What is it you’re asking me in your roundabout policeman’s fashion?”

Rutledge smiled. “You know very well. Have you given directions to Hensley’s house to anyone stopping here? Or discussed the constable’s condition with anyone passing through?”

“Someone’s knocking at your door, unwelcomed?”

It was so near the mark that Rutledge considered him.

“It’s not wise to obstruct a policeman in the course of his inquiries. What do you have against the law? Or is it Hensley that you dislike?”

“I don’t know that I care for either, to tell the truth.” He set the first glass on a mat to dry.

“Did you know Emma Mason?”

Keating stared at him, caught off guard by the sudden change in direction the conversation had taken. “Everyone knew her,” he said finally, his voice flat.
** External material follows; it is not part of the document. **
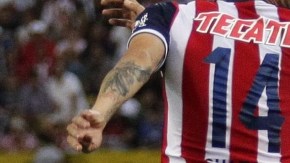 Óscar Razo, del Atlas, disputa el balón con Jorge Enríquez,  de Chivas, ante 48,538 aficionados en la cancha del Estadio Jalisco.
“What do you think became of her? Is she dead? Or did she run away?”

“I have no opinion on the subject.”

“Everyone else has.”

“I own The Oaks. I don’t have much to do with the people in Dudlington. They come here if they choose, or not.

If they want to sit at my bar and drink, then I bring them their pints and leave them to it.”

“Did Emma Mason ever come here?”

“What would she be doing here, at a licensed house?” he countered, without answering the question directly.

“You aren’t a native. You’ve lived elsewhere. She might have found that attractive.”

“Here, now, I don’t meddle with schoolgirls!”

“I didn’t suggest you’d meddled with her. Only that she might have wanted more than Dudlington could offer. That she might have liked the idea of seeing motorcars or carriages on their way to more exciting destinations. It might have put the thought into her head that here was an escape.

Did she look her age?”

“I don’t know how she looked. If you want to know, ask in the village, not here.” He was angry, far angrier than the question merited.

“She has to be somewhere,” Rutledge answered mildly.

“She’s either alive or dead. She’s either buried in Dudlington or she’s gone away with one of the men who stopped here for a drink or directions or a dinner. They wouldn’t come to the village, there’s nothing in it for them. She had only to walk up the main street and climb the hill to reach The Oaks, and even if she didn’t set foot in the door, she could see the motorcars and the men—”

“You can get out of my pub!” Keating shouted. “Now!

Or copper or not, I’ll take pleasure in throwing you out!”

Rutledge got to his feet, moving without haste. “I haven’t come here to cast doubt on the girl’s virtue. Her disappearance isn’t even my case. But the name keeps cropping up in connection with Frith’s Wood. And Constable Hensley was nearly killed in that same wood. You can see why I’m—curious.”

Keating slammed his fist down on the bar, rattling the glasses and bottles on it. “Emma Mason was a child. A decent child, with more beauty than it was safe to possess. If I thought Hensley had touched her, I’d do more than send an arrow into his back, I’d have wrung his neck! You’d have had your case of murder then, right enough!”

And with that, he disappeared through the door behind the bar, slamming it after him.

The wind had come up, and with it a cold, spitting rain.